How Belleville Washers Work

12 Jan

Spring forces play a vital role in all sorts of building and engineering projects. Springs come in a wide range of shapes far beyond the commonly thought of coils and leaves. Belleville washers are a prime example of a humble but important form of spring with countless different applications.

Belleville Washers Defined

First invented and patented by Julien Belleville in 1867, the Belleville washer is a connector with a slightly angled, conical form. This causes it to act as spring, loading up bearings or joints with a predetermined, flexible amount of force. Belleville washers are used in a number of different applications for shock absorption.

While they cannot be used to replace traditional helical springs in all applications, Belleville washers perform extremely well in applications where there is minimal space for compression and expansion. They deliver a great amount of force in comparison to travel distance and the ability to stack multiple washers (see below) makes it easy to fine-tune the force they deliver.

Configuring Multiple Washers

Belleville washers can be combined to alter either the load or deflection that they deliver. A single washer delivers a specific load at a specific deflection. When washers are stacked in parallel — that is, nested inside each other — their load multiplies while their deflection stays the same. Stacking Belleville washers in series — with each washer facing away from its neighbors — will multiply deflection while keeping the load constant. Two washers in parallel have double the load, while two washers in series have double the deflection.

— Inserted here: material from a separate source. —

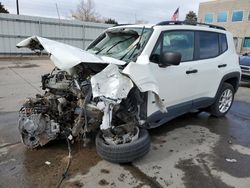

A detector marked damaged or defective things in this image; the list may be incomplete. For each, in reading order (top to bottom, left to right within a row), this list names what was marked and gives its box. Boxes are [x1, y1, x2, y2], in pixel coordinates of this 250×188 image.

The load and deflection applied by a stack of Belleville washers can be further fine-tuned by building a series-parallel stack. This enables the load and / or deflection to be changed in the field by adding or removing individual washers.

Installing Washers Properly

If they are to function properly and apply the proper amount of force, Belleville washers must be installed correctly. The finish of the washers has to be suitable to the environment they are used in, and they have to react properly (e.g. not all) to the materials they come into contact with.

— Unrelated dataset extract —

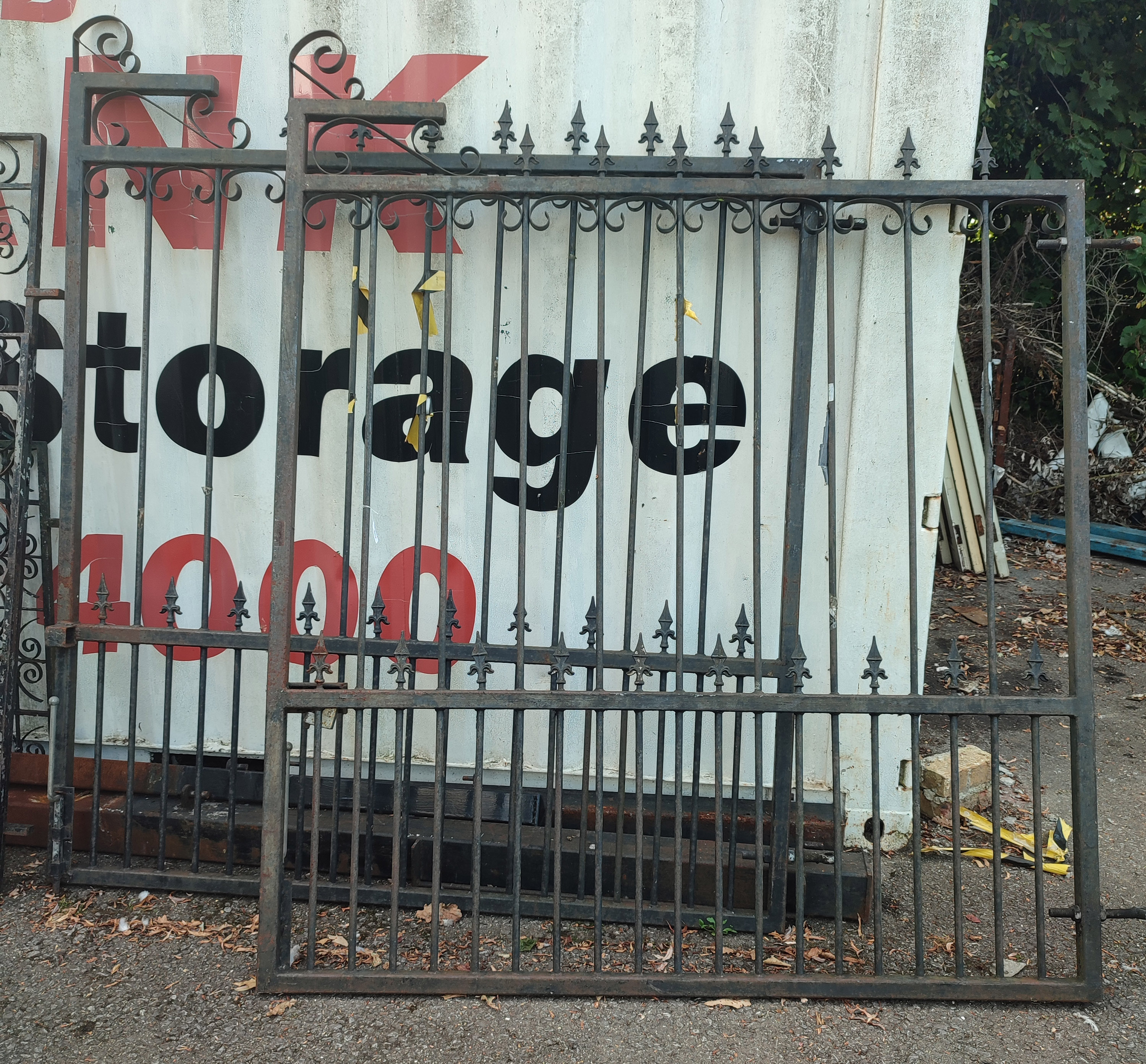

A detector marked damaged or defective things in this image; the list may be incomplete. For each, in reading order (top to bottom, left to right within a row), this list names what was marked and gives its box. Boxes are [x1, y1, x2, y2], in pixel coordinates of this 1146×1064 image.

broken concrete chunk [921, 743, 995, 821]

Most importantly, a Belleville washer exerts virtually all of its force around its outer rim. Installing one in a place where its rim does not make full contact with the surface it’s connecting to will dramatically reduce its effect.

Belleville washers do an excellent job of pre-loading a joint or bearing. They’re found in the toolboxes of workers in countless different industries, and they deliver spring forces in places where no other type of spring would work.